Barbara Ruscher glänzt nicht nur auf der Mattscheibe

Weinerlich und wütend, fröhlich und fassungslos – es ist eine ganz eigene Mischung aus Kabarett und Comedy, die Barbara Ruscher da auf die Kleinkunstbühne beim „Kabarett unter‘m Dach“ brachte. Oft glänzt sie auf der Mattscheibe, als Moderatorin oder in TV-Satireshows. Jetzt konnten sich die Kevelaerer mal hautnah von ihrer Ausstrahlung überzeugen.

Und da hat die zweifache Mutter von der großen weiten Weltpolitik bis zur kleinen, intimen Verhütungsfrage, eine Menge zu bieten: Plastik in den Weltmeeren und SUVs auf der Garagenauffahrt, Brexit („der Berliner Flughafen Englands“) und Fitness-Tracker („bevorzugt getragen von jenen, die früher gegen die Volkszählung demonstrierten“), Nestlé in Afrika und Beckenbauer in Katar, Trump und Höcke, Ausländerhass und Ausmalbücher für Erwachsene – es gibt kaum ein Thema, an dem sie nicht irgendwas oder irgendwen Schlechtens oder Schlechten findet – und sei es auch mal sie selbst.

Als ob das alles nicht schon für gute Werte in einer imaginären Umfrage zur Beliebtheit von Komikerinnen ausreichte, puscht sie ihre Sympathiewerte immer wieder mit Selbstironie hoch und das sogar mit dem Hinweis auf ihren ersten Bildungsweg. Die Frau ist Lehrerin („Kabarettistin mit Exkursionshintergrund“), hat aber den ganz langen Zeigestock und die quietschende Kreide irgendwo verlegt.

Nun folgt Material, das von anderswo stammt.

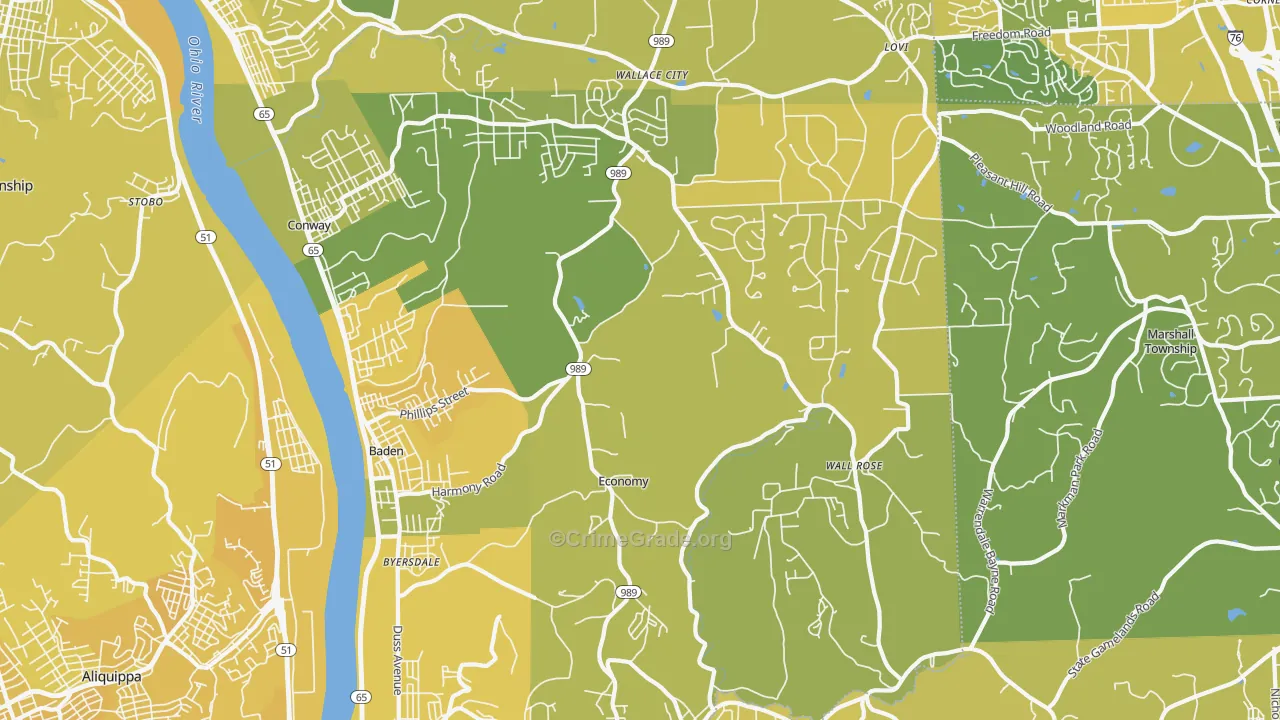 15005, PA Map of Vehicle Theft Rates
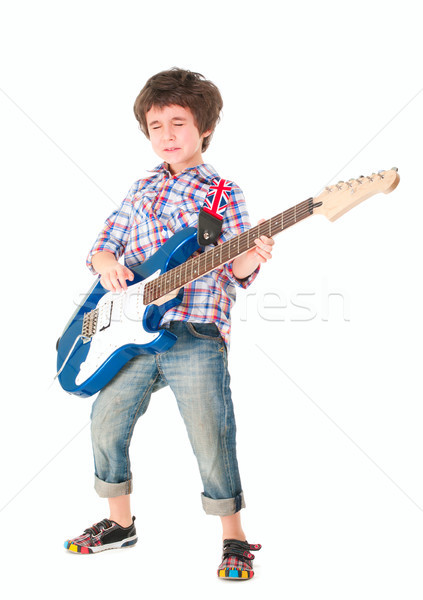 Little boy britpop style with electoguitar full body Stock photo © pekour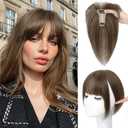Bangs Hair Clip, 100% Real Human Hair 3603D Cover Clip in Bangs with Toppers HairPieces for Woman Fake Bangs Hair Extensions for Daily Wear(Light Brown)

Sie weiß was, weiß es aber nicht besser, außer bei den ganz Doofen vielleicht. So begegnet sie etwa dem Publikum auf Augenhöhe, den Rappern „Kollegah“ und „Fahrid Bang“ mit dem Statement „Dummheit ist ein nachwachsender Rohstoff“ und einem Anti-Rap.

Überhaupt sind die sparsam eingestreuten Lieder in ihrem Programm „Ruscher hat Vorfahrt“, zu denen sie sich selbst am Klavier oder an der Luftpumpe (beim Lied übers Liegerad) begleitet, immer wieder kleine Höhepunkte. Songtexte, die irgendwo zwischen der Beiläufigkeit eines Hagen Rether und der Aggressivität eines Rainald Grebe liegen, nicht ganz so böse und weltläufig, aber oft genug präzise auf den Punkt.

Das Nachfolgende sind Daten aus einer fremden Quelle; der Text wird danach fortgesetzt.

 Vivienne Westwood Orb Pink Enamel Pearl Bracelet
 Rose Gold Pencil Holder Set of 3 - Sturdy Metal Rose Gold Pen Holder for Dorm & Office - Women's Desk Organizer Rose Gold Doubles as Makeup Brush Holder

Unterricht am Gymnasium, Schrottwichteln im Netz

Und dann immer wieder diese harten Landungen, diese Bodenhaftung mit beiden Beinen mitten im Leben: Vom Wechsel der Tochter zum Gymnasium („weil da der meiste Unterricht ausfällt“) zum Nachwuchs-Kollegen, dem sie sich als „die Mutter von Mario Barth“ vorstellt, bis zum Partnerportal im Internet („Schrottwichteln“) reichen die und lassen aufhorchen und loslachen. Tolles Kabarett-Comedy-Kleinkunst-Gemisch, das das Publikum beim „Kabarett unter‘m Dach“ mit viel Applaus honorierte.